After 8 years of climbing with regular 6" safety boots, I finally decided to cough up the $400 for a pair of 16" Danner lineman boots. They look very nice, and probably very comfitable too. However, I could not figure out how to wear the long boots (never did this before). Here are a few questions, please help. Thanks
1. When you wear tall boots like that, what pants do you wear? I always wear work jeans to climb with 6" boots. However, the legs of my jeans will not fit over the tall boots. I'm wearing a pair of khaki pants over the boots to the office to day to break in. I do not think that khaki pants are suitable for climbing trees. What do you wear?

2. What sucks do you wear with the tall boots. Do they have to be longer than my boots? Also, the only long socks I see in Cabela's are the heavy wool socks. are they good for all seasons?


----------



## deevo (Oct 29, 2010)

Erwin said:


> After 8 years of climbing with regular 6" safety boots, I finally decided to cough up the $400 for a pair of 16" Danner lineman boots. They look very nice, and probably very comfitable too. However, I could not figure out how to wear the long boots (never did this before). Here are a few questions, please help. Thanks
> 1. When you wear tall boots like that, what pants do you wear? I always wear work jeans to climb with 6" boots. However, the legs of my jeans will not fit over the tall boots. I'm wearing a pair of khaki pants over the boots to the office to day to break in. I do not think that khaki pants are suitable for climbing trees. What do you wear?
> 
> 2. What sucks do you wear with the tall boots. Do they have to be longer than my boots? Also, the only long socks I see in Cabela's are the heavy wool socks. are they good for all seasons?
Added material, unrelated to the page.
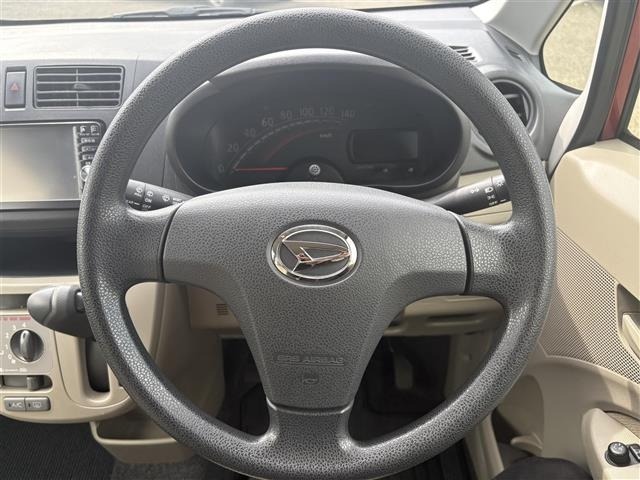 Daihatsu MOVE 2014 7034078-9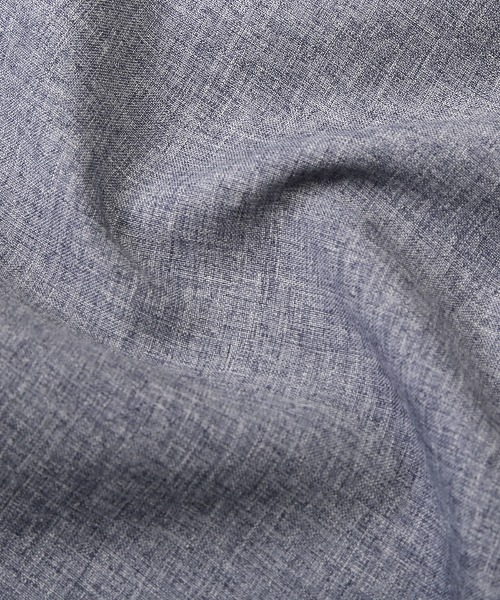 LUXSTYLE(ラグスタイル)の「イージーテーパードパンツ(スラックス・メンズ・ネイビー/ブラック/グレー・M/L/XL)」の8枚目の写真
I bought a new pair of Danners this year as well, yeah pants out for sure! Buy socks with the moisture wick in them so your feet don't get as sweaty! I love mine for climbing on rope and with my hooks! The vibram sole grips really well to all types of bark I find (just an fyi):agree2:


----------



## BlueRidgeMark (Oct 29, 2010)

You probably need boot cut jeans.


I never wear sucks with boots. I prefer socks, myself. :greenchainsaw:


If you wear short socks, you risk getting blisters on your calf. I'm not a tree climber, BTW, but I do like tall boots, and I always get socks taller than the boots.

As for wearing wool.... I never wear anything else, summer or winter. I will NOT wear synthetics. I have never gotten a blister wearing wool. I have gotten some nasties wearing synthetics.


Heavy wool socks are kind to your feet. And yes, it does get hot and humid where I live, and I still prefer wool socks.


----------



## tree MDS (Oct 29, 2010)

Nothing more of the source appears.